この内外力比を踏まえた上でねじ計算をしないと、外力の引張り荷重に対して過剰な設計となってしまいます。
なお、本項で出てくる\(K_{ex} \ \)、\(K_{bd} \ \)は、材料の弾性係数と形状に依存します。
次節で示す簡易モデルを設定して手計算で求めるか、CAEによって求めることができます。
また本サイトではばね定数計算を、Webアプリページ
ばね定数計算ページ
で公開していますので、ご活用ください。
2.4.2.ボルトのばね定数
ボルトを下図のように各部位ごと(径が同じと考えられる範囲)に分割し、それぞれの部位を円筒ばねとみてばね定数を決定します。
最後にそれぞれのばねが直列につながっているものとして全体のばね定数\(K_{ex} \ \)を計算します。
図2.4.2-1 ボルトのばね定数計算
各部位のばね定数は次のように計算します。
\[
K_a
=
\frac {\pi D_{ax}^2 E_{ex}} {4 \times 0.6 D}
\quad ,
\ K_b
=
\frac {\pi D_{ax}^2 E_{ex}} {4 L_b}
\]
\[
K_c
=
\frac {\pi D_4^2 E_{ex}} {4 L_c}
\quad ,
\ K_d
=
\frac {\pi D_4^2 E_{ex}} {4 \times 0.7 D}
\]
これらを直列ばねとみて、ボルト全体のばね定数を算出します。
\[
\frac {1} {K_{ex}}
=
\displaystyle \sum_{ i = a,b,c,d }^{ n } \quad \frac {1} {K_i}
\]
2.4.3.被締結体のばね定数
被締結体のばね定数\(K_{bd} \ \)は、その外径\(D_{bdo} \ \)と座面外径\(D_{fl} \ \)の関係により三通りに場合分けされます。
図2.4.3-1 被締結体のばね定数計算
\[
\begin{eqnarray}
&a) :& K_{bdi} = \frac {\pi E_{bdi}} {4 t_{bdi}} ( D_{bdo}^2 - D_{bdh}^2 )
\\
&b) :& K_{bdi} = \frac {\pi E_{bdi}} {4 t_{bdi}} \Biggl( (D_{fl} + \alpha_f k t_{bdi} )^2 - D_{bdh}^2 \Biggr)
\\
& & k = \frac {1}{10} \Biggl\{ 1 - \frac{1}{4} \Biggl( 3 - \frac {D_{bdo}}{D_{fl}} \Biggr)^2 \Biggr\}
\\
\\
&c) :& K_{bdi} = \frac {\pi E_{bdi}} {4 t_{bdi}} ( D_{bdo}^2 - D_{bdh}^2 )
\end{eqnarray}
\]
この場合分けは、座面の押し付け力が効果を発揮する範囲を等価的に考慮した結果に基づいています。

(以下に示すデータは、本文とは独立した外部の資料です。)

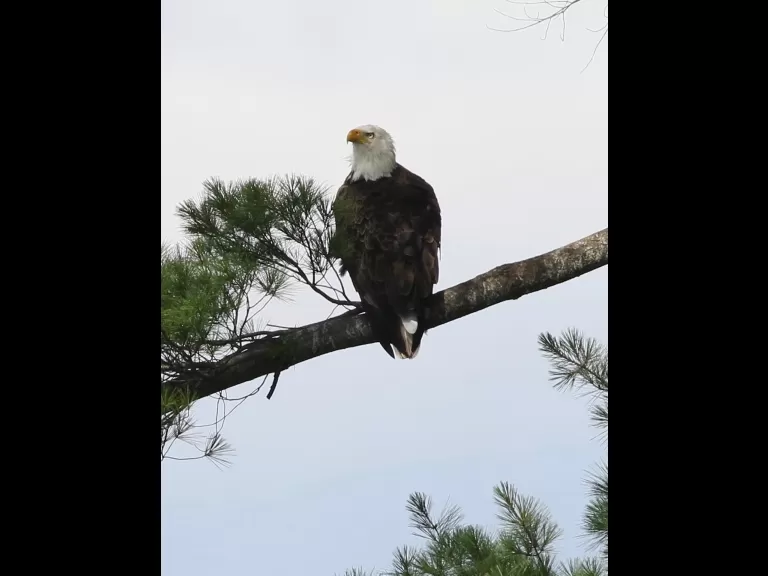 A bald eagle at Foss Reservoir in Framingham, photographed by Steve Forman.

また締結方法によって係数\(α_f\)が異なるのは、穴側の座面径の違いによるものです。
被締結体は複数の場合もあるため、各被締結体の厚さ、材質に合わせてそれぞれを計算し、直列ばねとして被締結体全体のばね定数を計算する必要があります。
2.5.軸力の算出
必要軸力をいくつに設定するか?は、締結ねじの設計上最も重要な検討項目となります。
軸力によって締結の能力が決まることは
1.2節の説明の通りです。
締結において問題となる緩みにつながる事象が発生しないよう、軸力を設定しなければなりません。
この軸力設定で考えなければならない項目は以下の通りです。
- 被締結体の遊離(口開き)
- 被締結体のすべり
- 非回転緩みによる軸力変化量(座面のへたり、熱膨張差など)
それぞれに対する必要軸力の算出について見ていきます。
(1)被締結体の口開き(遊離)
締結体に引張り荷重\(F_t\)が作用するとき、その大きさによって下図のような締付線図が得られます。
図2.5-1 被締結体遊離時の締付線図
被締結体が口開きしないための条件は上図左から2本目の矢印線までで、被締結体の圧縮力が作用する範囲内となります。
\[
(1- \phi) F_t
\lt
F_{axt}
\]
被締結体に口開きが生じないためには、この不等式が成立するような軸力に設定する必要があります。
(2)被締結体のすべり
締結体にせん断荷重\( F_s \)やねじり荷重\( M_{tor} \)が作用する場合に問題となります。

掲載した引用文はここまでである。